The entry point is run_experiment.py
. You can provide model names and hyperparameters as command line arguments.
For example, to run the HDT vs BERT vs HAT vs Longformer experiment we used in the paper:
cd ListOPs
python run_experiment.py 0.25 5 20 90000 12 128 1 512 300 120 0.0003 fixed blue 512 HDT hdt_testrun
python run_experiment.py 0.25 5 20 90000 12 128 1 512 300 120 0.0003 fixed blue 512 BERT bert_testrun
python run_experiment.py 0.25 5 20 90000 12 128 1 512 300 120 0.0003 fixed blue 512 Longformer Longformer_testrun
python run_experiment.py 0.25 5 20 90000 12 128 1 512 300 120 0.0003 fixed blue 512 HAT HAT_testrun
Note
Currently our customized attention kernel only supports three-level hierarchy, we don't use it for the ListOps tasks where the depths could be much larger, e.g., 20. We create hierarchical attention mask and directly apply the mask on the attention score matrix. A more flexible kernel will be released soon which supports arbitrary levels of hierarchy.
We use cython to speed up the computation of our sparse attention mask. The cython code needs to be compiled on your system before your run the code. python setup.py build_ext --inplace
For pre-training, we collect structured documents from HUPD, unarXive, and Wikipedia.
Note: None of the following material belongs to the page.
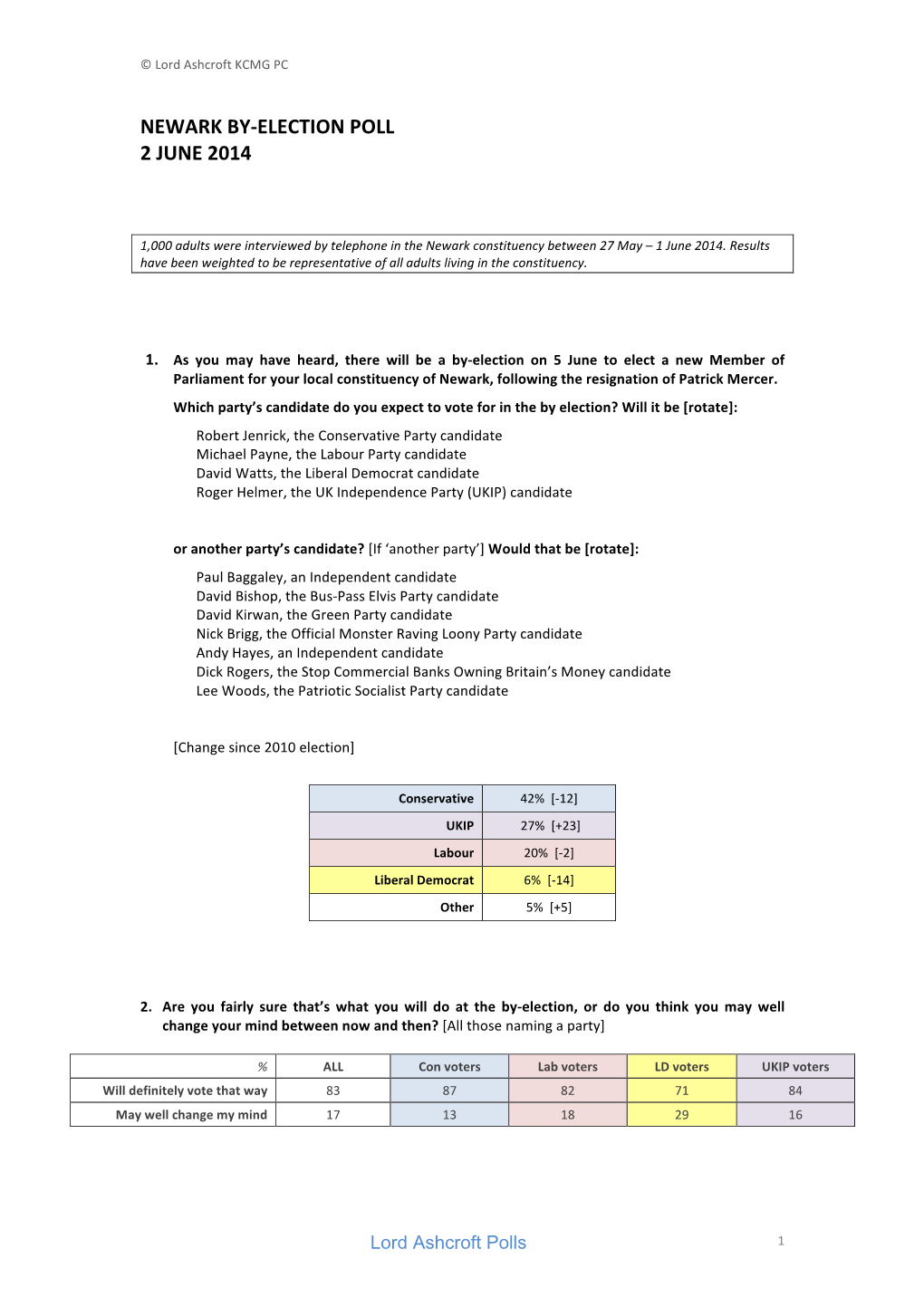 Newark By-‐Election Poll 2 June 2014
In our implementation, all documents are further preprocessed as a list of sections, where each section is a list of sentences. This hierarchical format allows the HDT model to efficiently process and exploit the structural information present in the document. Here is an example representation of the document data structure:
document = [
[
"Title",
"Abstract",
"This is the first sentence of abstract.",
"This is the second sentence of abstract.",
...
],
[
"Introduction",
"This is the first sentence of the introduction.",
...
],
...
]
To download the preprocessed data, run
from datasets import load_dataset
unarxive = load_dataset('howey/unarXive')
hupd = load_dataset('howey/hupd')
wikipedia = load_dataset('howey/wiki_en')
In our experiments, we extend the SciRepEval with public accessible arxiv full-text data, leading to a subset called FullTextSciRepEval including full-text scientific papers and labels from SciRepEval. FullTextSciRepEval is used to benchmark long document representation in our paper.
The pre-training for HDT uses pretrain.py. Note that both training of encoder-only model and encoder-decoder model shares the same training script, with different arguments setting. For instance, training a HDT encoder-only model (HDT-E) on Masked Language Modeling (MLM) task, please run
python pretrain.py --encoder_only --tok_name google-bert/bert-base-uncased
Here we directly use the BERT tokenizer for simplicity.
Following CRAMMING, we pre-train our models in an academic budget to evaluate the efficiency of our method. As default, the model is trained on 1 GPU for 24 hours.
In addition, to pre-train an encoder-decoder model for generation tasks with multiple gpus for longer time budget (e.g., 48 hours), run
python pretrain.py --tok_name google-t5/t5-base --num_encoder_layers 6 --num_decoder_layers 6 --num_gpus 4 --budget 48
Note
- We uses UL2 as the pre-training objective for encoder-decoder model and MLM for encoder-only model, following the default configuration from the original papers.
- Anchor tokens [DOC], [SEC], and [CLS] are not masked during pre-training.
Model Name | Encoder Layers | Decoder Layers | Hidden Units | Attention Heads | Vocab | Parameters |
---|---|---|---|---|---|---|
howey/HDT-E |
12 | 768 | 12 | 32,768 | 109M | |
howey/HDT-ED |
6 | 6 | 768 | 12 | 32,128 | 112M |
If you use or extend our work, please consider citing our paper. Thank you for your support! 🥰
@inproceedings{He2024COLM,
author = {He, Haoyu and Flicke, Markus and Buchman, Jan and Gurevych, Iryna and Geiger, Andreas},
title = {HDT: Hierarchical Document Transformer},
publisher = {Conference on Language Modeling},
year = {2024},
}